There has been a clear shift over these four years when concentrating on the pictorial space, and I have become more aware of the possibilities afforded by the relief’s projections. The pieces have developed more towards a representational rather than abstract expression. This has marked a clear shift in my works, which no longer deals with negative space and containment realized by a vessel. I do not count this shift as progress in itself, although of course it is an element of the visual exploration. Rather it points to a change of mood. In the past working representationally has not interested me, and now I have gradually discovered its potential by listening to the process. Symbols and signs have appeared because of this, and I have had to reflect on the meaning of these things and their potential to contain.

 

My artistic practice does not easily lend itself to research. I work intuitively, following impulses that arise from the working process rather than setting clear goals to work towards. I do not follow any themes or try to convey any specific ideas. I have struggled on many occasions as how to proceed, but eventually found a way to continue when concentrating on my works, and through making the theories and methods growing out of that, not the other way around.

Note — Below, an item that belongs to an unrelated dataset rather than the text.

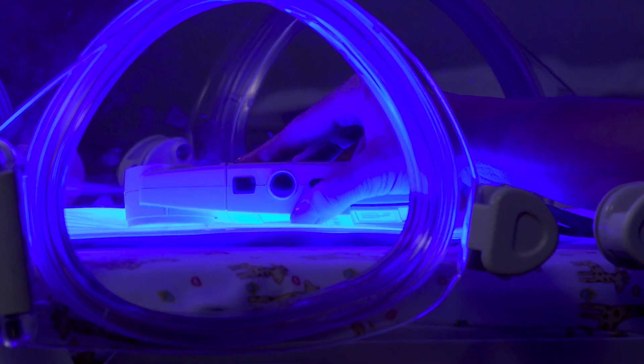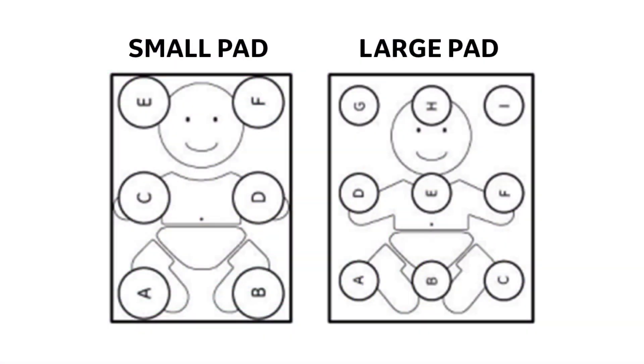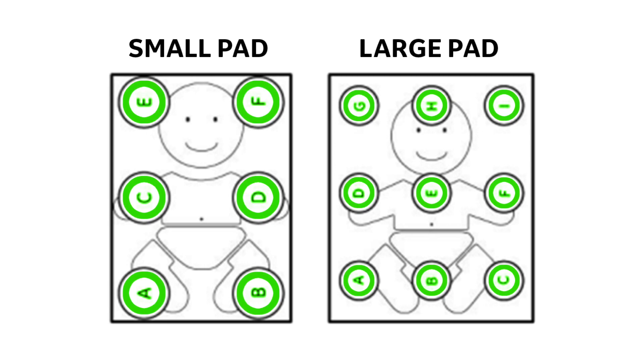I'm using the approved Omida Medical BillyBlanket meter 2. Take measurements on the lit side of the pad using the meter placed at points as shown on the back of the pad.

Another issue has been how far I should have pushed the experimentations with relief. Since the research conducted cannot be separated from my artistic practice, I have only taken steps that has occurred naturally, followed the natural development of the works which has sometimes felt slow and insufficiently experimental. I have not steered the works towards the expanded field, but instead concentrated on the area where controlled and small movements happen.


I am not totally sure if I have managed to answer the questions I have set out for myself, but maybe answers are not so interesting. If there are answers, I would like them to be as porous as clay like open-ended possibilities.

 

I am content with how the exhibition turned out. I think the exposition display puts the works at the center, and provides another way to look and experience the reliefs. It has been rewarding to look back on this time period and detect playfulness, experimentation and improvisation taking place, even though in hindsight it is very difficult to pinpoint these exact moments. I have found new expressions to explore, developed my own visual language through exploring the sidelines that were previously unmapped.


I feel like I might still have some blind spots when it comes to ceramics as a field. Due to the critical approach this research project has helped me to internalize, I will continue to look out for them. Over the years, the way I see my works has gradually changed. I used to call my works ceramics, as I saw everything in relationship to the material, but now I see them as either sculpture or relief, and I keep listening in between these concepts, letting them resonate with each other.